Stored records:
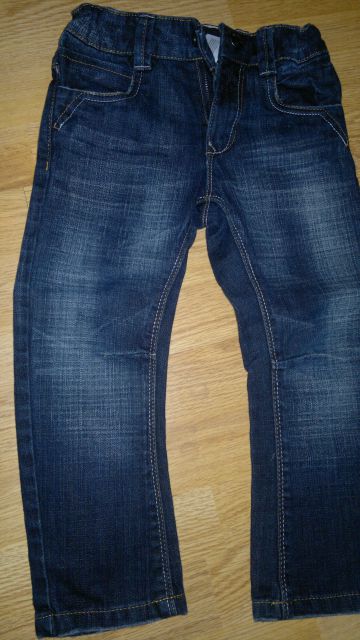 Jeans hlače C&A št. 104-8eur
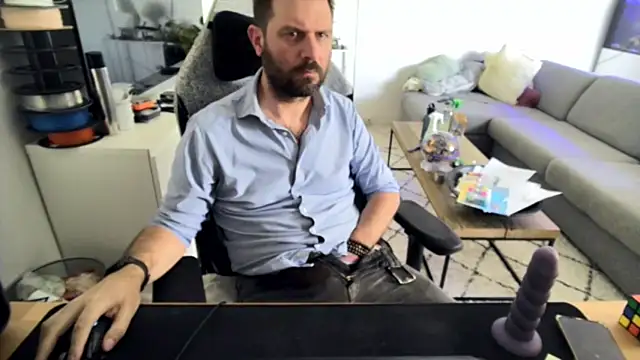Snapshot of pc92160 chatting on July 6, 2026, 5:04 pm pc92160 online show from July 6, 2026, 5:04 pm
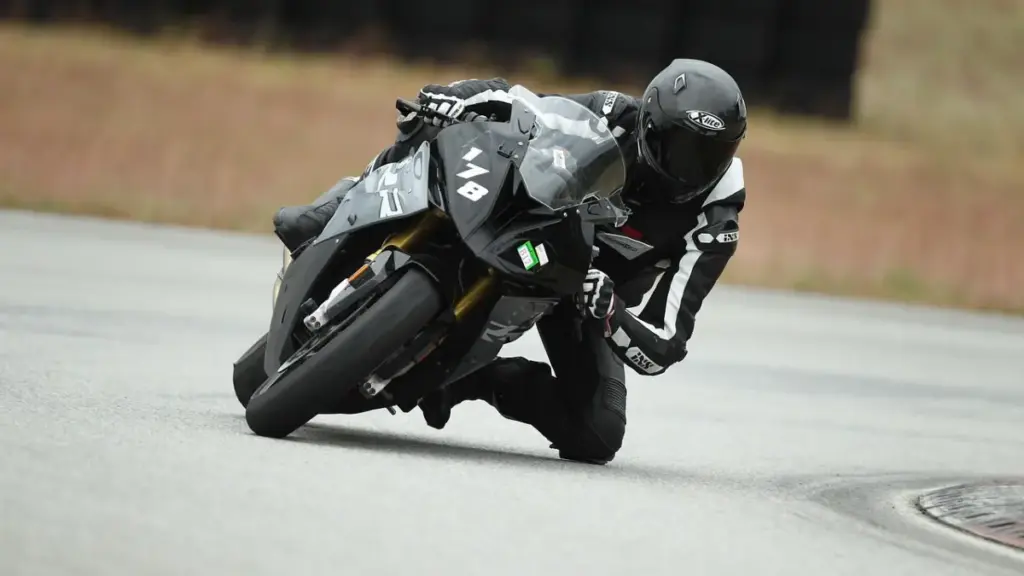 BMW анонсувала новий спортивний мотоцикл F 450 RR з двигуном на 48 к.с.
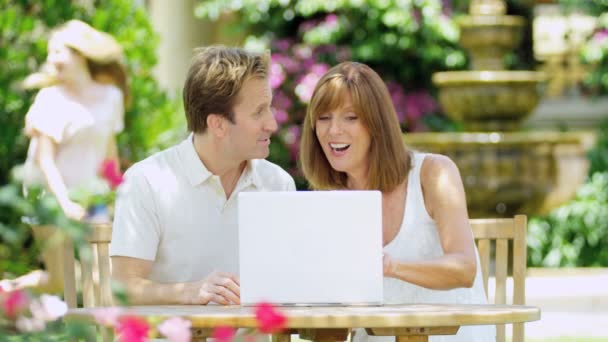 Padres disfrutando del tiempo libre al aire libre — Vídeos de Stock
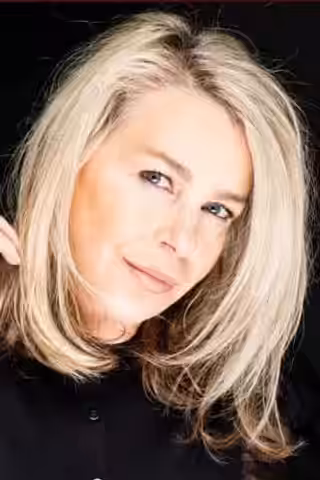 Leslie Ash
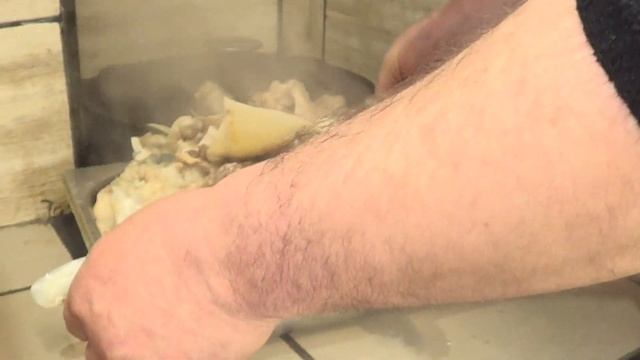 КАК ПРИГОТОВИТЬ УХУ ИЗ ТОЛСТОЛОБА ?! смотреть онлайн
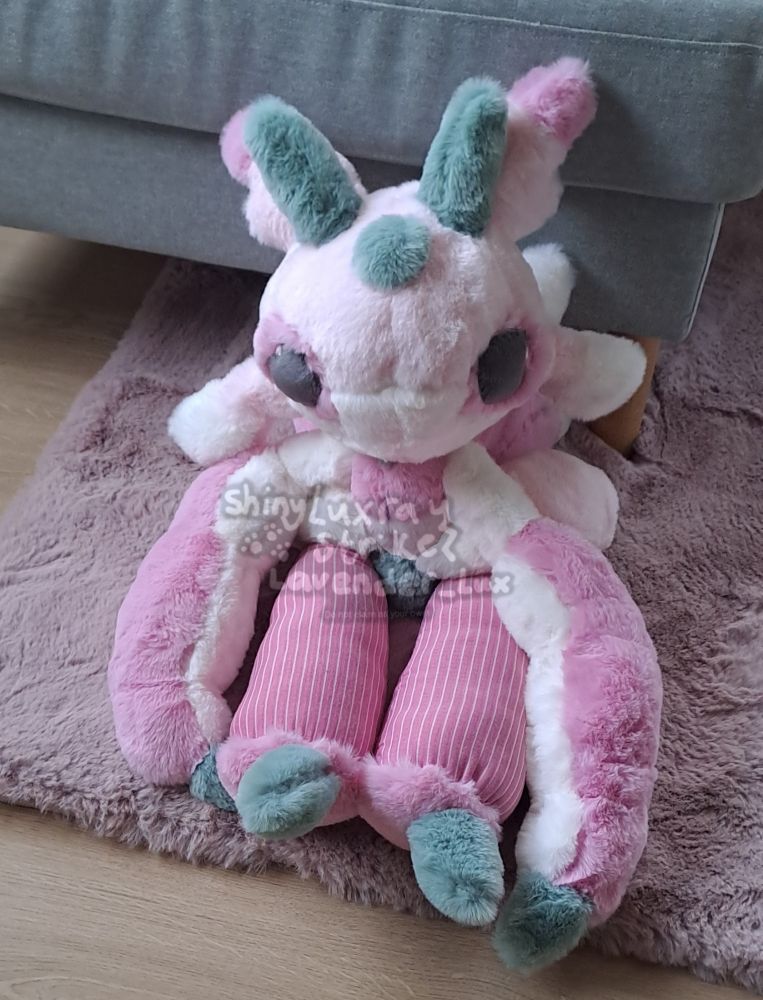 Big (40 cm) fluffy comfy friends style Lurantis plush handsewn by me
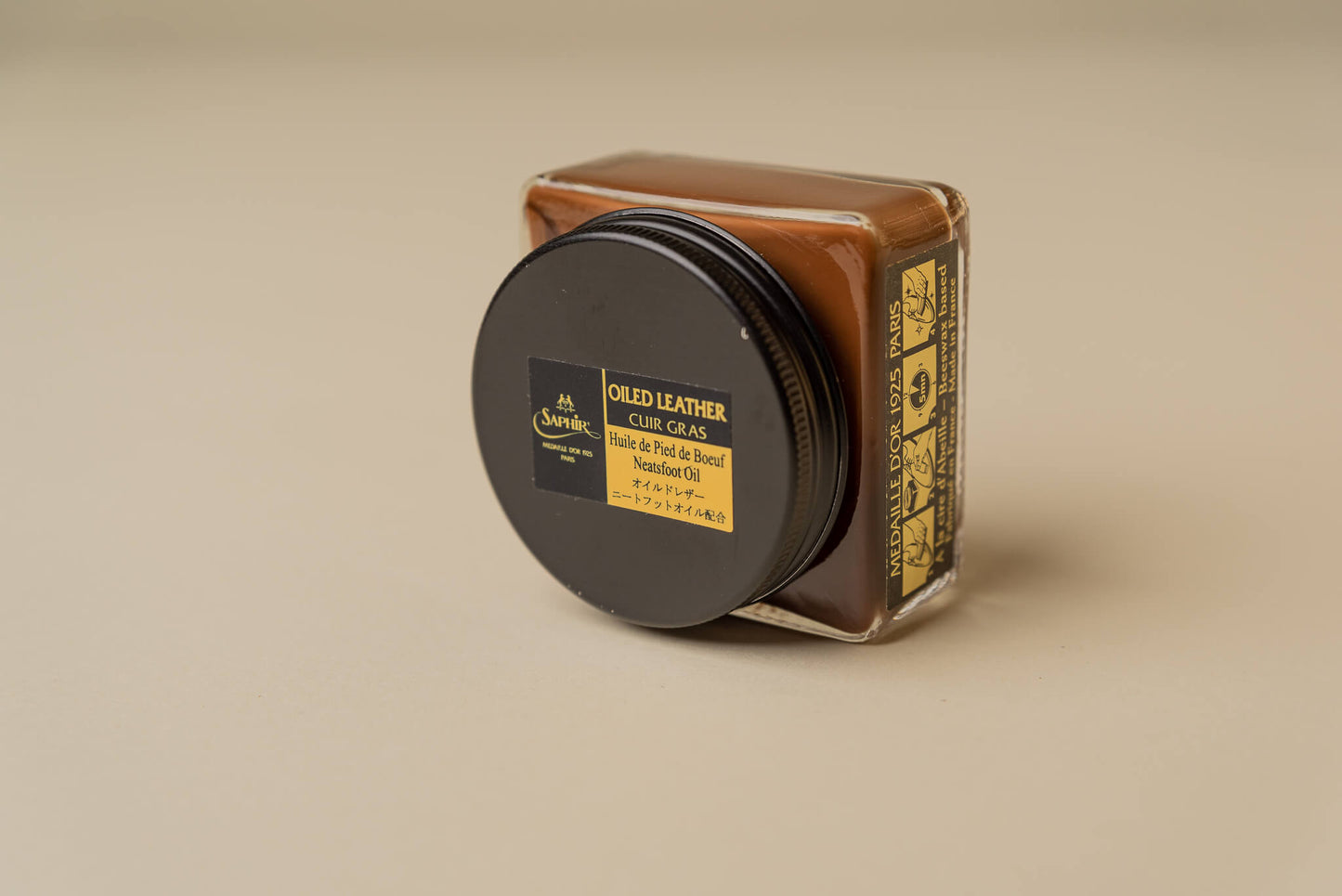 Saphir Medaille d'Or Oiled leather cream Medium brown 37 - Brillare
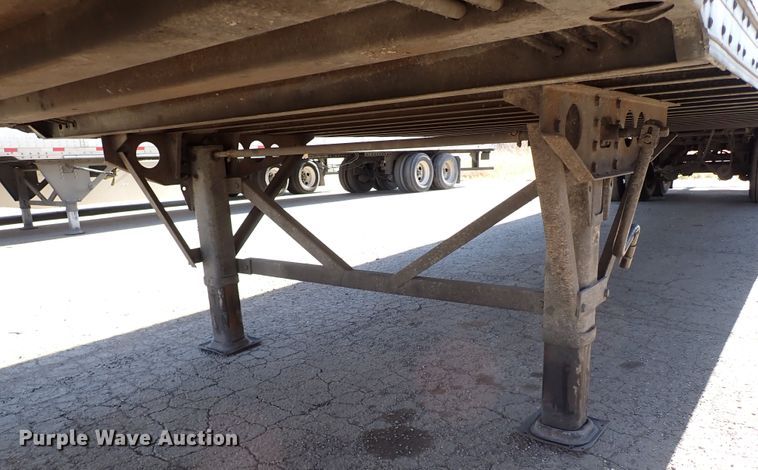 image for item IS9328 2004 Wabash  dry van trailer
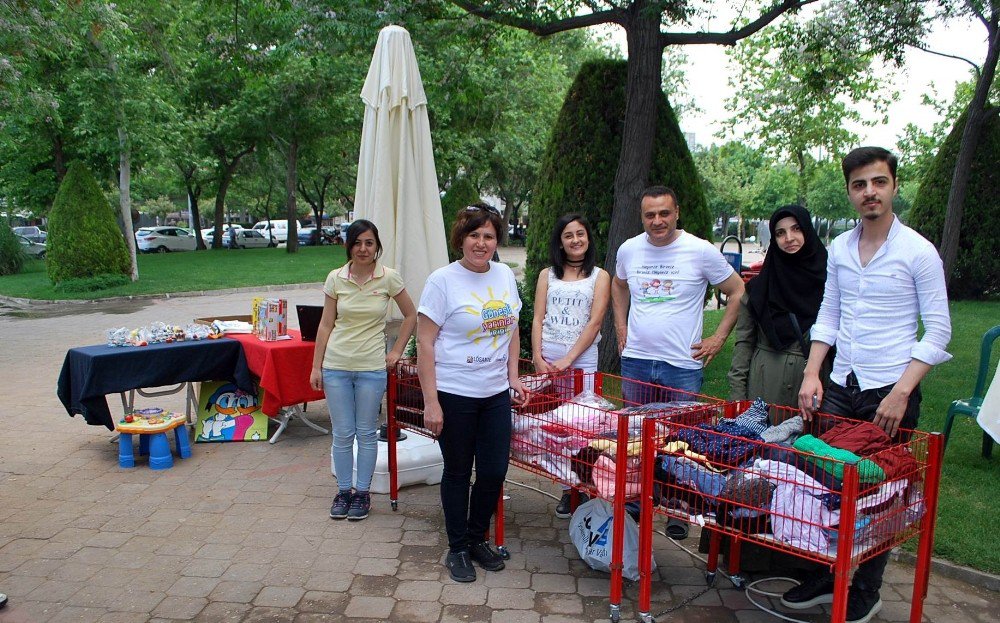 Lösev Yardım Tırı Salihli’de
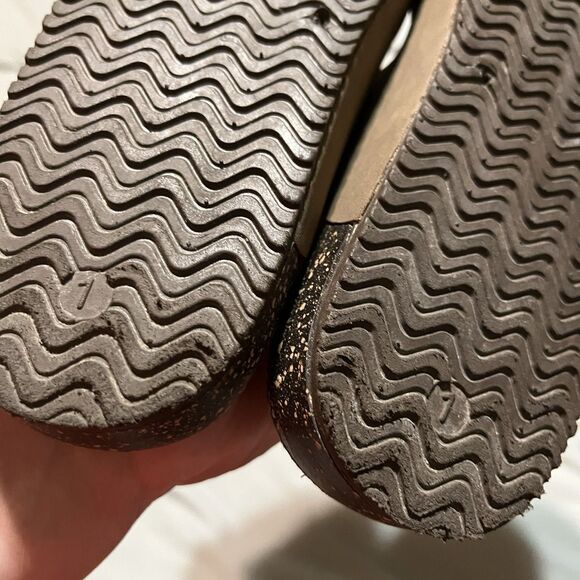 Wonder Nation Tan Brown Double Straps Faux Leather Slip on Slides Sandals Kids 1 - Picture 9 of 9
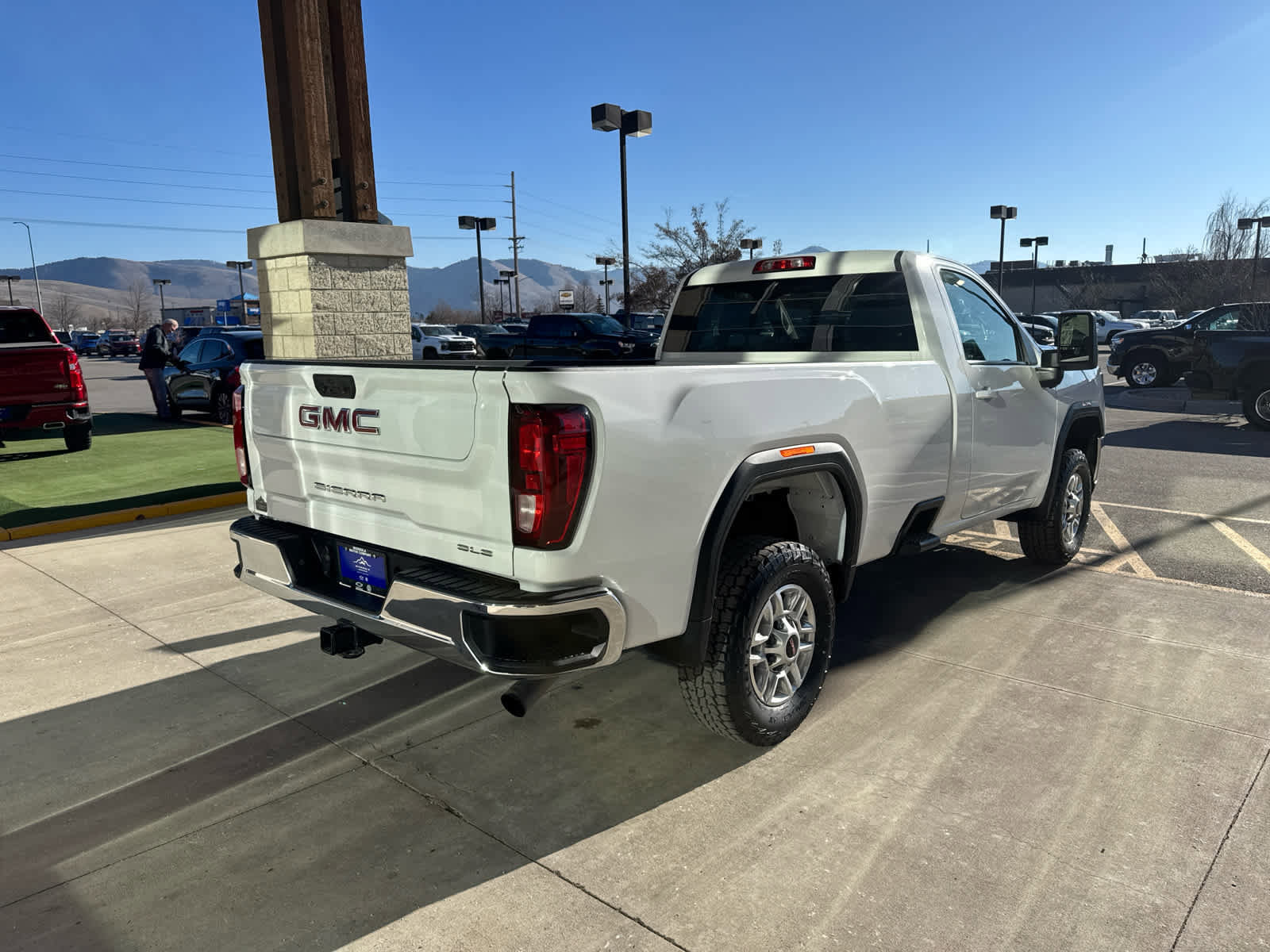 Used 2021 GMC Sierra 2500 SLE w/ SLE Convenience Package image 4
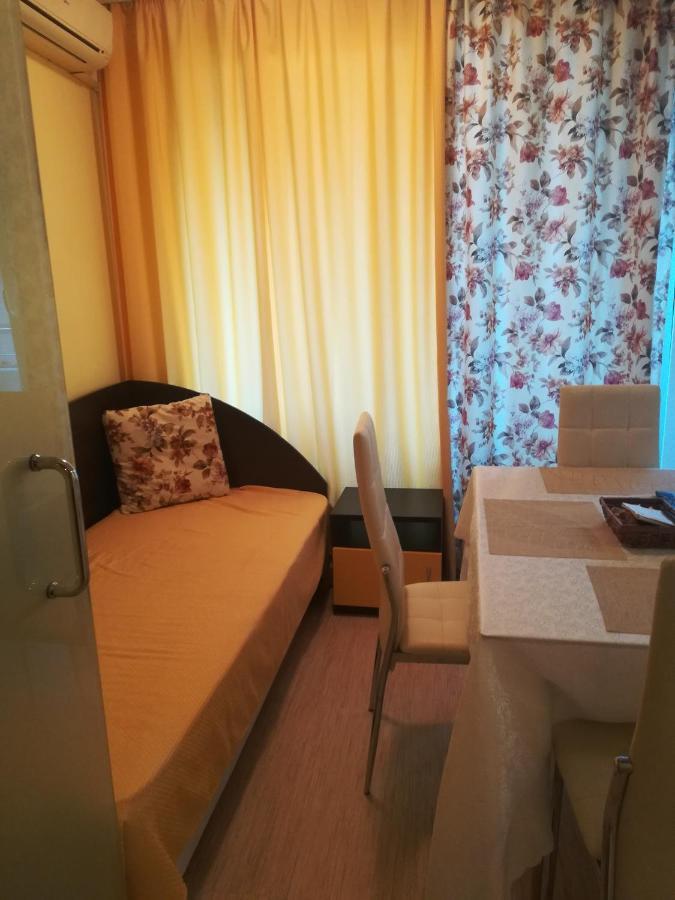 Apartments Victoria 크레네보 외부 사진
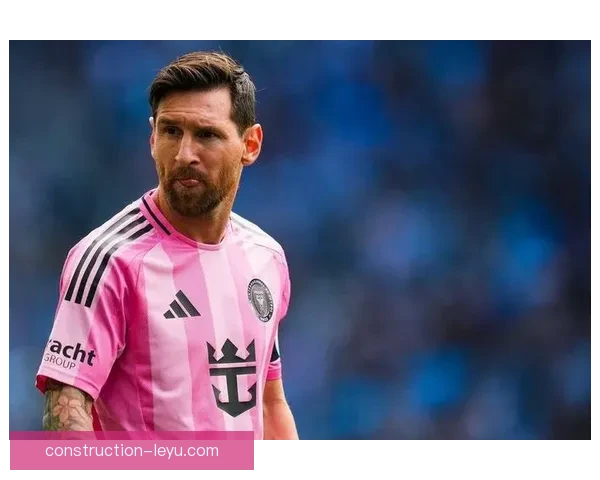 梅西归队后状态回升 巴黎圣日耳曼备战新赛季精彩纷呈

▶ Problem statement: Output all the records above again exactly, with the pictures dropped.

▶ Solution to this task:
 Jeans hlače C&A št. 104-8eur
Snapshot of pc92160 chatting on July 6, 2026, 5:04 pm pc92160 online show from July 6, 2026, 5:04 pm
 BMW анонсувала новий спортивний мотоцикл F 450 RR з двигуном на 48 к.с.
 Padres disfrutando del tiempo libre al aire libre — Vídeos de Stock
 Leslie Ash
 КАК ПРИГОТОВИТЬ УХУ ИЗ ТОЛСТОЛОБА ?! смотреть онлайн
 Big (40 cm) fluffy comfy friends style Lurantis plush handsewn by me
 Saphir Medaille d'Or Oiled leather cream Medium brown 37 - Brillare
 image for item IS9328 2004 Wabash  dry van trailer
 Lösev Yardım Tırı Salihli’de
 Wonder Nation Tan Brown Double Straps Faux Leather Slip on Slides Sandals Kids 1 - Picture 9 of 9
 Used 2021 GMC Sierra 2500 SLE w/ SLE Convenience Package image 4
 Apartments Victoria 크레네보 외부 사진
 梅西归队后状态回升 巴黎圣日耳曼备战新赛季精彩纷呈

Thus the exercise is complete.